A new system challenges it.
Transferability fails when the learning system itself collapses to a narrow and fragile representation of biological reality. This is what premature consolidation looks like in discovery. In learning terms, uncertainty has been collapsed too early. The program commits to a narrow slice of the hypothesis space before the evidence structurally constrains it. It optimizes within a story faster than it tests whether the story itself can travel. From that point on, most experiments deepen confidence rather than reshape belief. They reduce variance inside an abstraction, instead of forcing incompatible abstractions to confront one another.
This is when the system first encounters biology it did not train itself to see.

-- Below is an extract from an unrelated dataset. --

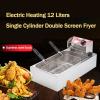 3000W Electric Deep Fat Fryer, 12L Double Fryer with Lids and 2 Oil Basketes, 60-250C Adjustable Temperature, Easy Clean Removable Basket, Lid & Non-Slip Feet, for Home Commercial view 3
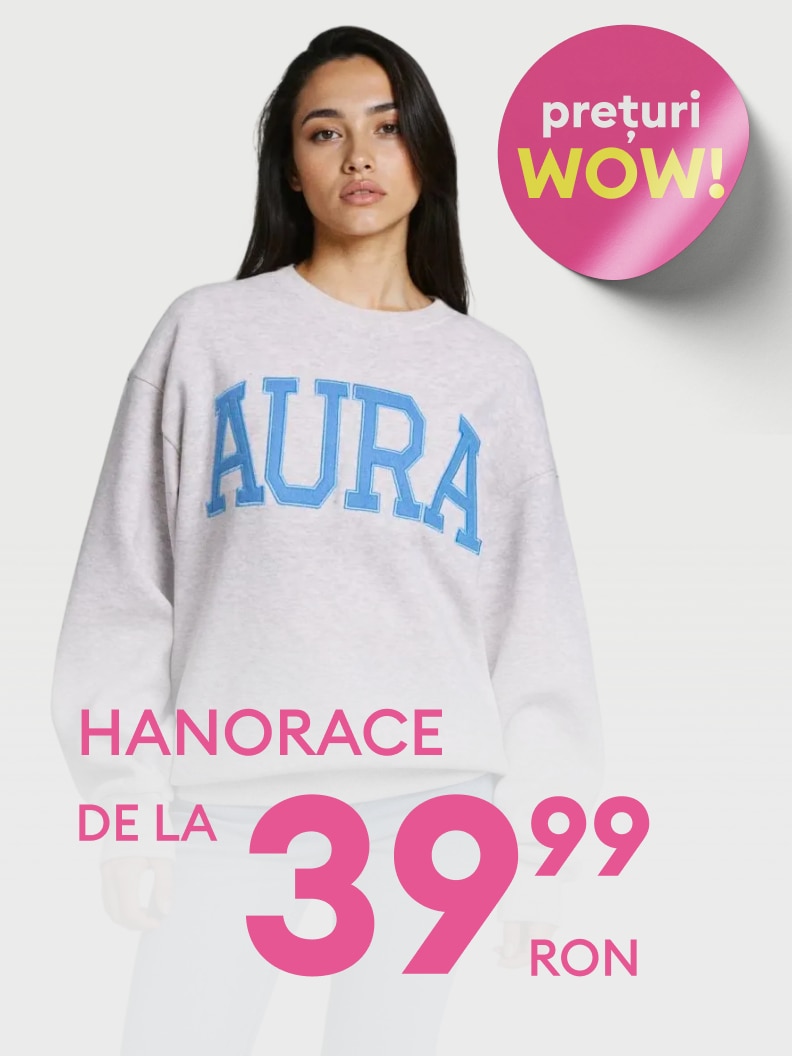 Promovare pentru hanorace casual, evidențiind o ofertă specială cu preț redus pentru achiziție online.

Reframing discovery as a learning system shifts where value is expected to come from. Not from running more experiments. Not from moving faster through phases. But from improving how the system updates itself.
Two kinds of updates
In sequential learning systems, not all updates mean the same thing. Some refine a model. Others decide which models are still admissible. One concentrates belief. The other redistributes it. In learning terms, this is the difference between learning parameters inside a model and learning which models are still possible.

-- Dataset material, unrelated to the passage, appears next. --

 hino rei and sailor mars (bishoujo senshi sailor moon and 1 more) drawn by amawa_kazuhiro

Discovery is mostly organized around the first. Measurements accumulate inside stabilized assays. Signal-to-noise improves. Rankings sharpen. Dose–response curves become precise. This is learning within a framing. It deepens a view. It reduces variance. It increases confidence in what is already assumed. In learning terms, this is exploitation.

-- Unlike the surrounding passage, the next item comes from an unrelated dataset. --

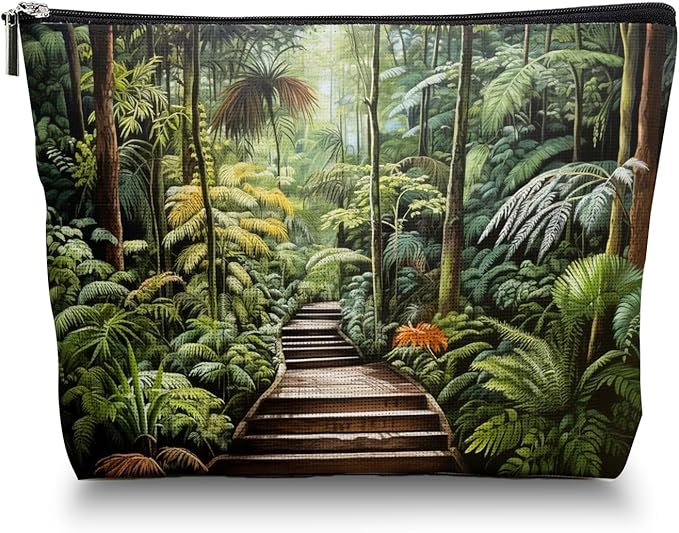 Makeup Bag Travel Cosmetic Bags Small Makeup Case Waterproof Zipper Pouch for Women Girls 7X9inches - Tropical Rainforest Walkway Surrounded By Foliage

The second kind of update is rarer and more expensive.
It introduces experiments whose primary role is not to refine a readout, but to discriminate between explanations.
- Different biological systems.
- Incompatible perturbation logics.
- Distinct failure modes.
- Independent readout regimes.
These experiments are not chosen to improve performance inside a model. They are chosen to test whether the model is even adequate. In learning terms, this is exploration. These updates do not merely validate. They restructure the learning problem. They make some hypotheses impossible. They force probability mass to move. They expose where confidence comes from repetition rather than constraint. They change the geometry of belief.
Running discovery as a genuine learning system therefore does not primarily mean adding more AI, more automation, or more throughput. It means designing feedback loops where uncertainty is not immediately collapsed, validation is not only confirmatory, stage transitions do not erase epistemic state, orthogonality is treated as exploration, and progress is measured by correction, not only advancement. This does not slow discovery. It changes what discovery optimizes.
Conclusion
From a computational perspective, scientific discovery is not a data problem. It is a feedback problem. Experiments are expensive queries. Programs are sequential decision processes. Pipelines are implicit learning systems. And today, most of those systems are built to move forward efficiently, not to preserve and transform belief. They execute science well. They update belief inside a field they no longer question. They are not structured to sustain the question of what else could be true.
The hidden engine of discovery is therefore not experimentation itself, but the structure of the loops that connect experiments across time: how abstractions are frozen, how uncertainty is collapsed, how evidence is assembled, and how belief is allowed to shape the next question.
Pipelines make discovery scalable. Feedback makes it truthful.
And as biology becomes more complex, more heterogeneous, and more human-relevant, it is increasingly the quality of those feedback loops — not the speed of any individual experiment — that will determine whether discovery actually learns.